TASK MATERIAL:
:::
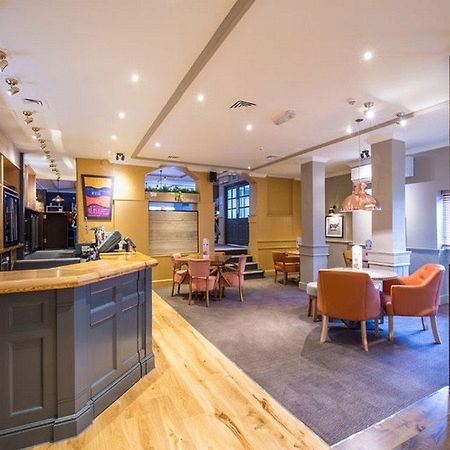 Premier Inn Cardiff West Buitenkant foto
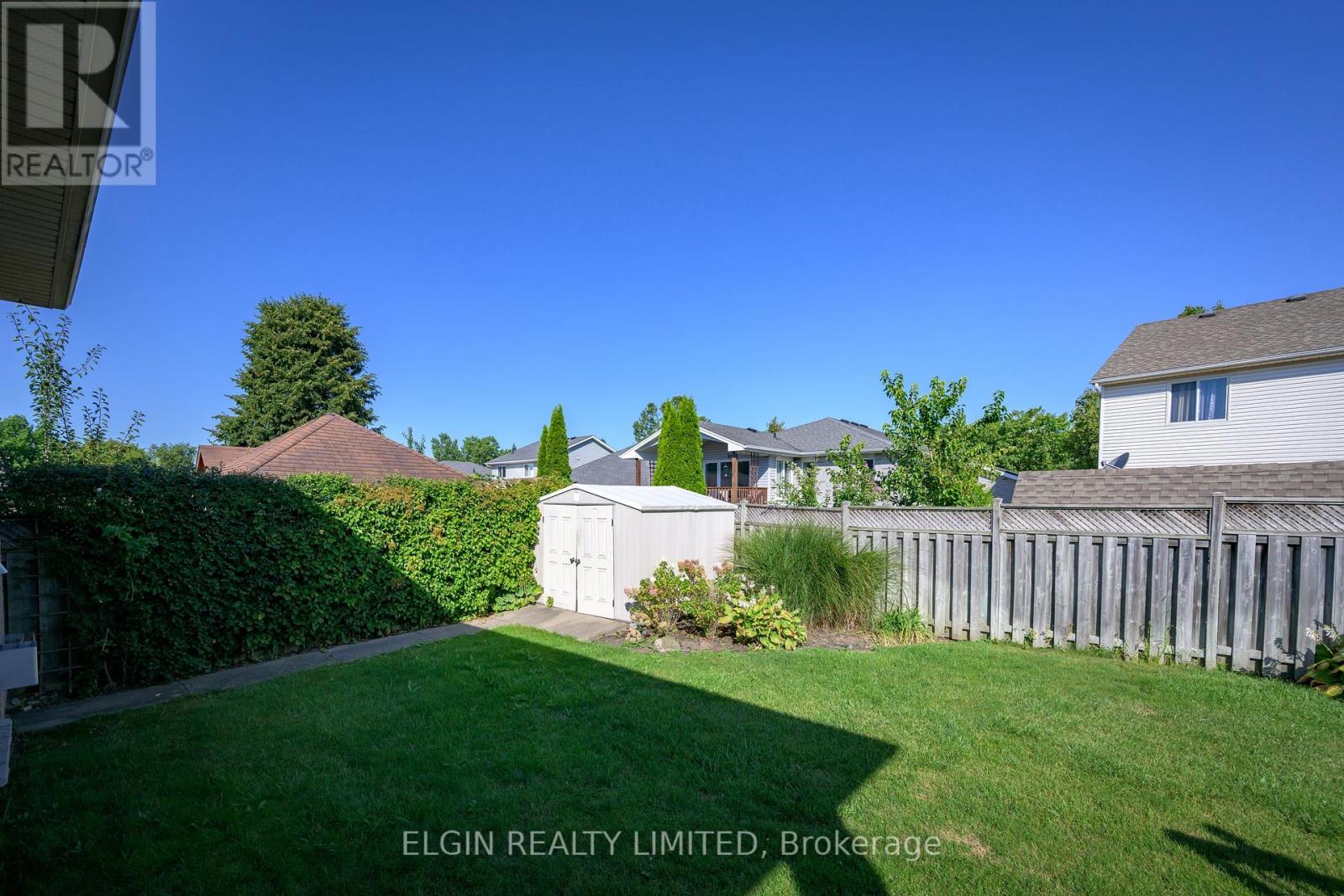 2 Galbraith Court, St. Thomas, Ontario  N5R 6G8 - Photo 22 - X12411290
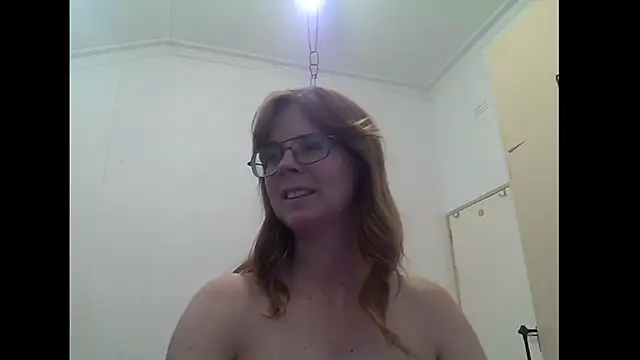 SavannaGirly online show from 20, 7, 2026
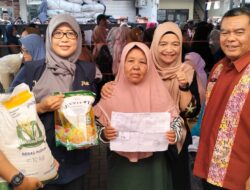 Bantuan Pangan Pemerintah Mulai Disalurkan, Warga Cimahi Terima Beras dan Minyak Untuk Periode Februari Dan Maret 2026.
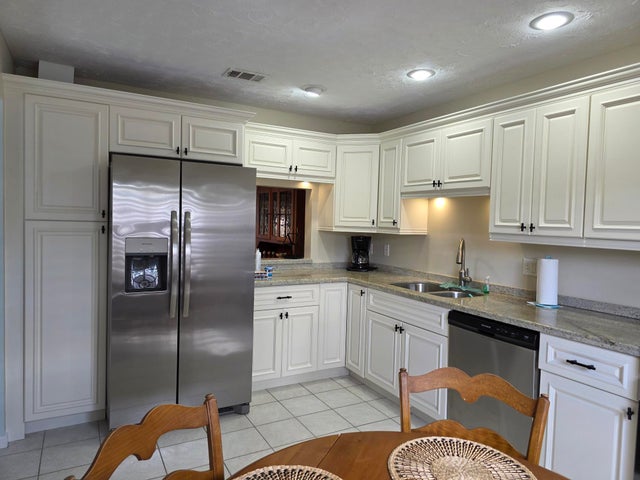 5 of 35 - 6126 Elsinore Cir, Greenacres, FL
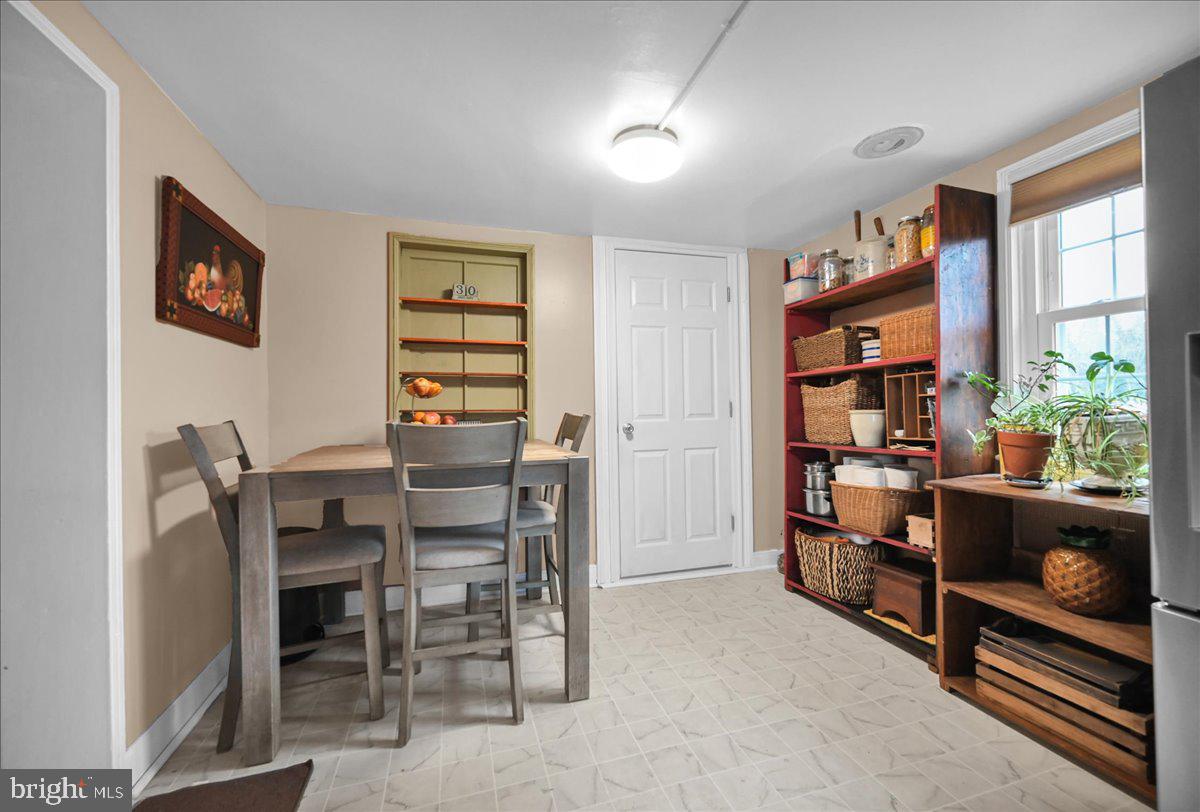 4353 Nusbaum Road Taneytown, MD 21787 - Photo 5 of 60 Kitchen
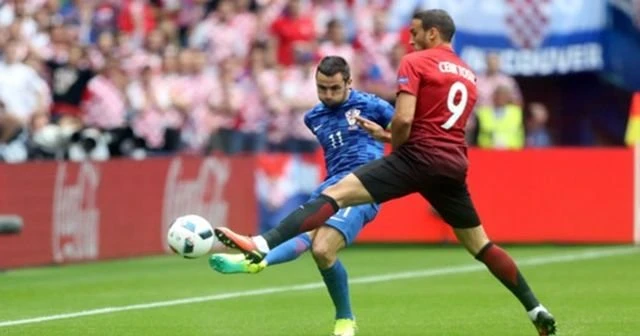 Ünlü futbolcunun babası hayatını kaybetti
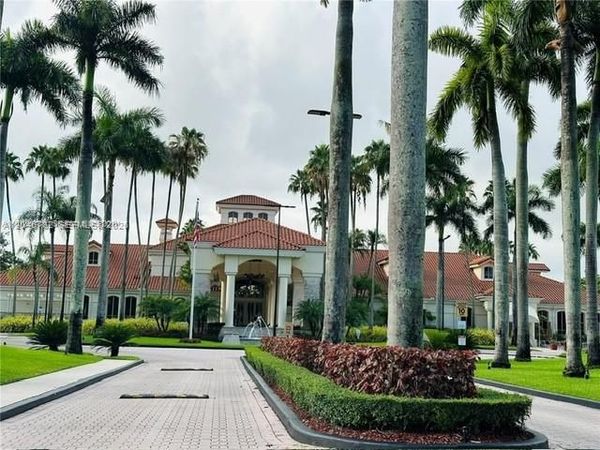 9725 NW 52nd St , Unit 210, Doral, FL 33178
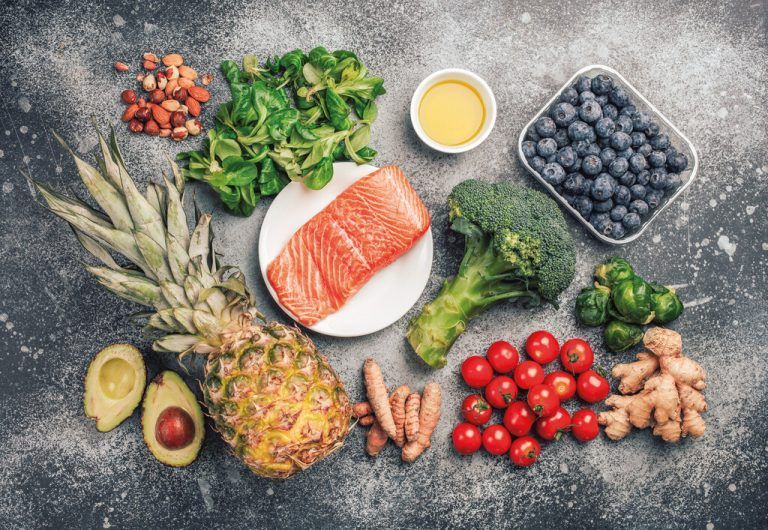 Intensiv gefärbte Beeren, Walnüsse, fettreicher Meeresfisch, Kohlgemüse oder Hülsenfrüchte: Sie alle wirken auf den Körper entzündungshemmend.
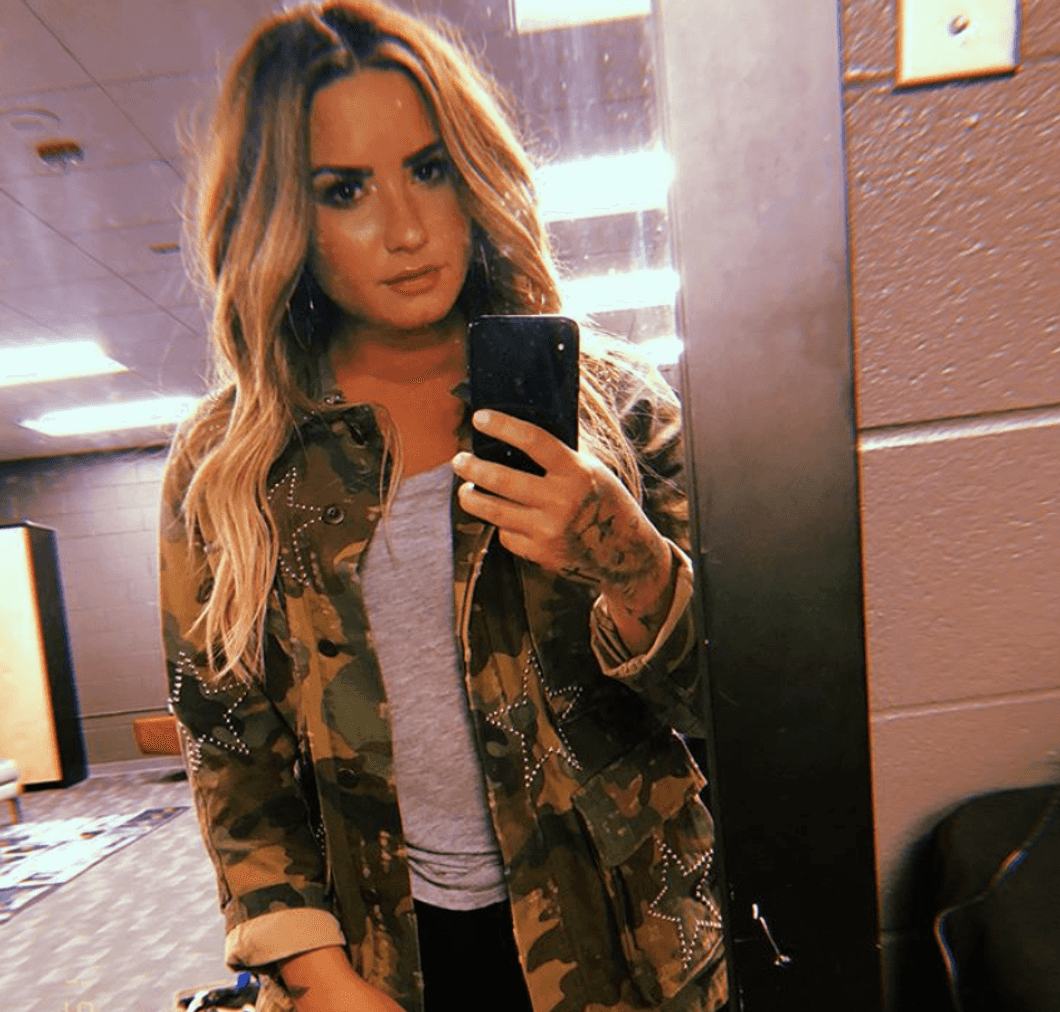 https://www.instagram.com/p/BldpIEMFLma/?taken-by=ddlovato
:::
WORK INSTRUCTION: Please retype, exactly as they appear, the lines from the one with "9725 NW 52nd St , Unit 210, Doral, FL 33178" through the final line of the material, both included, and drop any pictures.

ANSWER SECTION:
 9725 NW 52nd St , Unit 210, Doral, FL 33178
 Intensiv gefärbte Beeren, Walnüsse, fettreicher Meeresfisch, Kohlgemüse oder Hülsenfrüchte: Sie alle wirken auf den Körper entzündungshemmend.
 https://www.instagram.com/p/BldpIEMFLma/?taken-by=ddlovato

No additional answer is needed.